Sale of surveillance equipment to Egypt: Paris Prosecutor opens a judicial investigation

Paris, 22 December 2017 – Following a request by FIDH and the LDH, with the support of the Cairo Institute for Human Rights Studies (CIHRS), that an investigation be opened into the sale of surveillance equipment by a French company to Egypt, the Crimes Against Humanity Division of the Paris Prosecutor’s office has just opened a formal judicial investigation. By shedding light on the contract concluded between the authoritarian Al Sissi regime and Nexa Technologies (ex Amesys), and its consequences, the investigation could lead to charges being brought for complicity to torture and enforced disappearances. A step which sends a powerful signal for surveillance and weapons companies, as well as for the French authorities.

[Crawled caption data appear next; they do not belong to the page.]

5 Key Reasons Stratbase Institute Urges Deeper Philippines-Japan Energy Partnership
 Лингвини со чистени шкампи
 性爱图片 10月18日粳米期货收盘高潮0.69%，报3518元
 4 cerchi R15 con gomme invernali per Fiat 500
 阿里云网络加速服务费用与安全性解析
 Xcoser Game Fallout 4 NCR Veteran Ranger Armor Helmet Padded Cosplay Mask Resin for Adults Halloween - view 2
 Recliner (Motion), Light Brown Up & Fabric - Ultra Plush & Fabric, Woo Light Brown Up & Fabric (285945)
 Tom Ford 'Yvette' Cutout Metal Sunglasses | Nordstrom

On 9 November 2017, FIDH and the LDH, with the support of CIHRS, an FIDH member organisation, filed a complaint relating to the potential role - via the sale of surveillance technology - of the French company Amesys (renamed Nexa Technologies) in widespread oppression under the Al Sissi regime in Egypt. This complaint came on the heels of revelations published on 5 July 2017 by Télérama journalist Olivier Tesquet, and an initial complaint filed in 2011 by FIDH and the LDH relating to the sale of surveillance equipment by Amesys to Mohammed Gaddafi’s Libya.

By opening a judicial investigation, the Paris Prosecutor acknowledges the gravity of the allegations, giving Egyptian victims the opportunity to become civil parties to the case and testify in France as well as enabling FIDH and the LDH to become civil parties. In 2013, Libyan victims of the Gaddafi regime, assisted by FIDH and the LDH, came to testify before the French investigative judges in the first Amesys case. Since May 2017, the company has been placed under the status of “assisted witness” (témoin assisté) for complicity to acts of torture committed in Libya between 2007 and 2011.

‘Despite the existence of the Libya investigation, the sale of surveillance equipment allowing authoritarian regimes to strengthen their oppressive arsenal has continued casually and cynically as if nothing had happened. Business as usual! With the complicity of public bodies responsible for overseeing and monitoring exports of dual-use goods, who in reality do not seem to scrutinise the harmful consequences and human rights violations of these sales’, deplored Michel Tubiana, Lawyer and Honorary President of the LDH.

This new investigation should shed light on the nature of the contract signed between Nexa Technologies and the Al Sissi regime, its execution and its consequences for Egyptian human rights defenders and civil society activists. Today, the country counts tens of thousands of political prisoners in detention, who are habitually exposed to torture, inhumane detention conditions and unfair trials.

‘Currently, there are more than 40,000 peaceful political prisoners in detention in Egypt. The protestors who breathed life into hopes of freedom at Tahir Square are wasting away in prison! And yet, companies profit while people’s aspirations for a better life are trampled by the regime”, regretted bitterly Bahey Eldin Hassan, Director of the Cairo Institute for Human Rights Studies.

‘By selling surveillance equipment and arms to Egypt and the Middle East, French companies are making unprecedented levels of sales. What the authorities do not want to see, since they tolerate and even encourage these sales, is that these regimes obviously make use of their purchases! In Egypt, the government uses this equipment to track, imprison and torture opponents who dare to demand more freedom and respect for the rule of law. This deadly and criminal business must stop and justice exists to recall this’, noted Patrick Baudouin, Lawyer and Honorary FIDH President.